Alors que des milliers de personnes se font arrêter parce qu’elles manifestent pacifiquement, des chroniqueurs d’ordinaire sensés trouvent l’audace de prétendre que les matraques, le profilage politique et les arrestations à point nommé ne relèvent pas de l’intimidation*.
Le ministre des Finances, Raymond Bachand, affirme sans gêne qu’il ne veut pas d’un Québec où les députés ne peuvent «se promener dans la rue sans être agressés».
Ah bon? Est-ce que cette règle inclut également les gens ordinaires?
Parce qu’en termes d’abus de pouvoir, il y a toujours le modèle Sarkozy ou le modèle Bush. Cute.
Si on veut d’un Québec où la police arrête les jeunes «vandales», on doit aussi vouloir qu’on y arrête ces agents de la paix qui déshonorent leur insigne et leurs collègues pour la bonne cause. Même si la grande majorité des policiers et policières ont toute la bonté du monde, pourquoi certains jouent le jeu des casseurs qui les provoquent? On ne les paie pas pour se défouler sur les citoyens.

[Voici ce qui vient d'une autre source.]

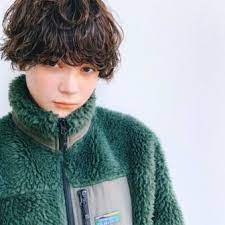 長めの前髪でゆったりした雰囲気のショート 代官山の美容室 ミドルダイカンヤマ middle daikanyama スタイリスト丸岡 奈央の髪型 ヘアスタイル lala ララ 韓国のショートヘア パーマ レディース ショート パーマ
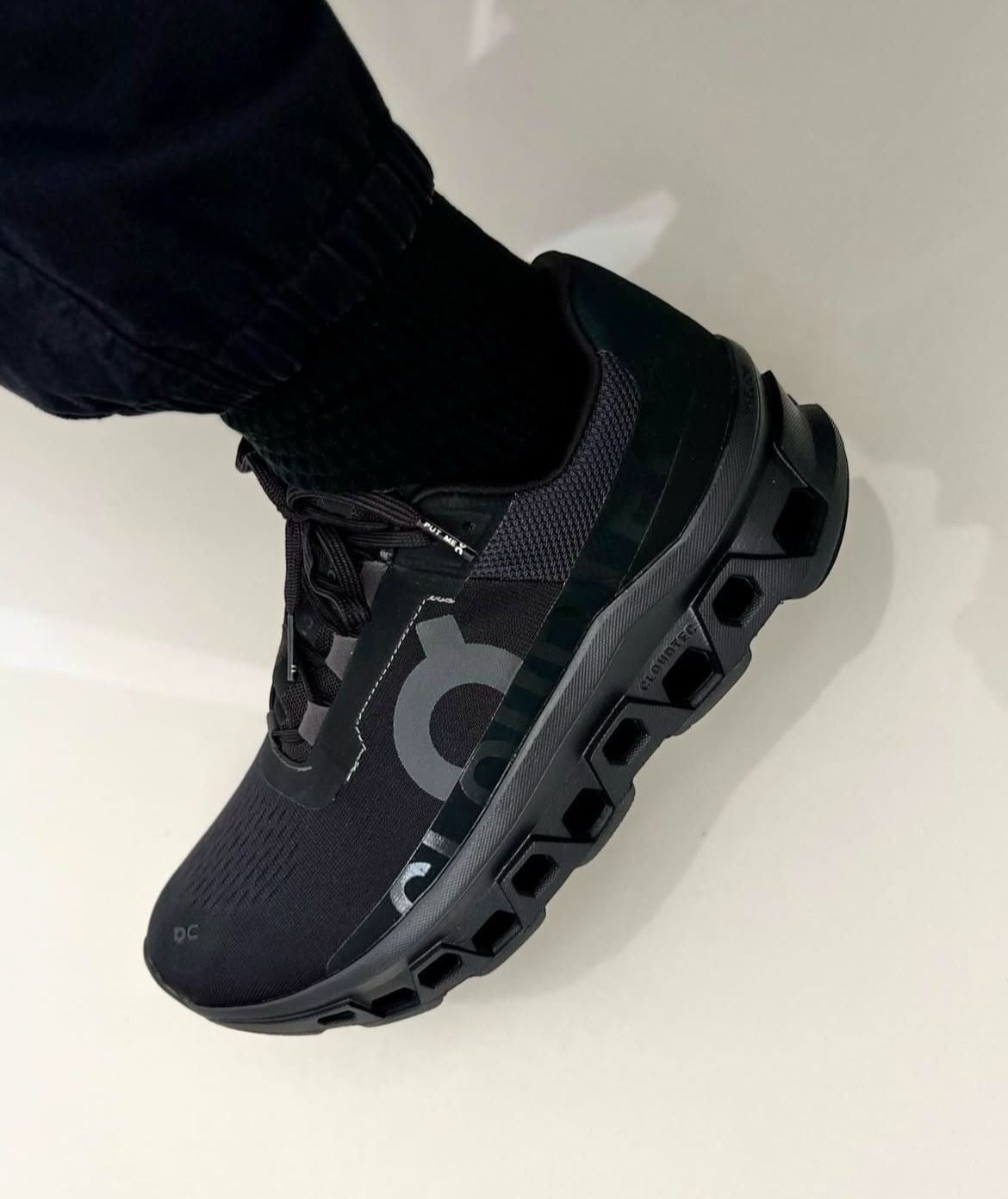 ON Cloud Monster 2 Full Black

J’aimerais d’un Québec où, à la sortie de l’école secondaire, des adolescents de 13 ans ne se font pas dire par des policiers en pointant leur carré rouge: «Vous enlevez ça». C’est arrivé la semaine dernière dans Rosemont. J’aimerais aussi d’un Québec où le simple fait d’afficher publiquement son opinion n’est pas perçu par nos élus comme une incitation à la violence. Le parti au pouvoir à Québec se radicalise.
Il n’y a pas que l’opposition parlementaire, les critiques publiques, les élections, la police, même, et les tribunaux. C’est beaucoup plus complexe, la foutue démocratie constitutionnelle. Jamais lassant. Mais on ne devrait pas se contenter de si peu et ne pas réclamer mieux. Par exemple, si les associations étudiantes s’éloignent graduellement de la démocratie représentative pour piger dans la démocratie directe, pourquoi les craindre comme le font nos élus?
La dizaine d’arrestations planifiées pour l’ouverture du Grand Prix prend un caractère intensément politique en temps de crise, au risque d’entacher le devoir de neutralité des policiers et de discréditer le reste de leur travail. Refuser qu’une jeune scout fasse du bénévolat parce qu’elle aurait affiché par le passé des opinions dissidentes tend à mener aux mêmes conclusions.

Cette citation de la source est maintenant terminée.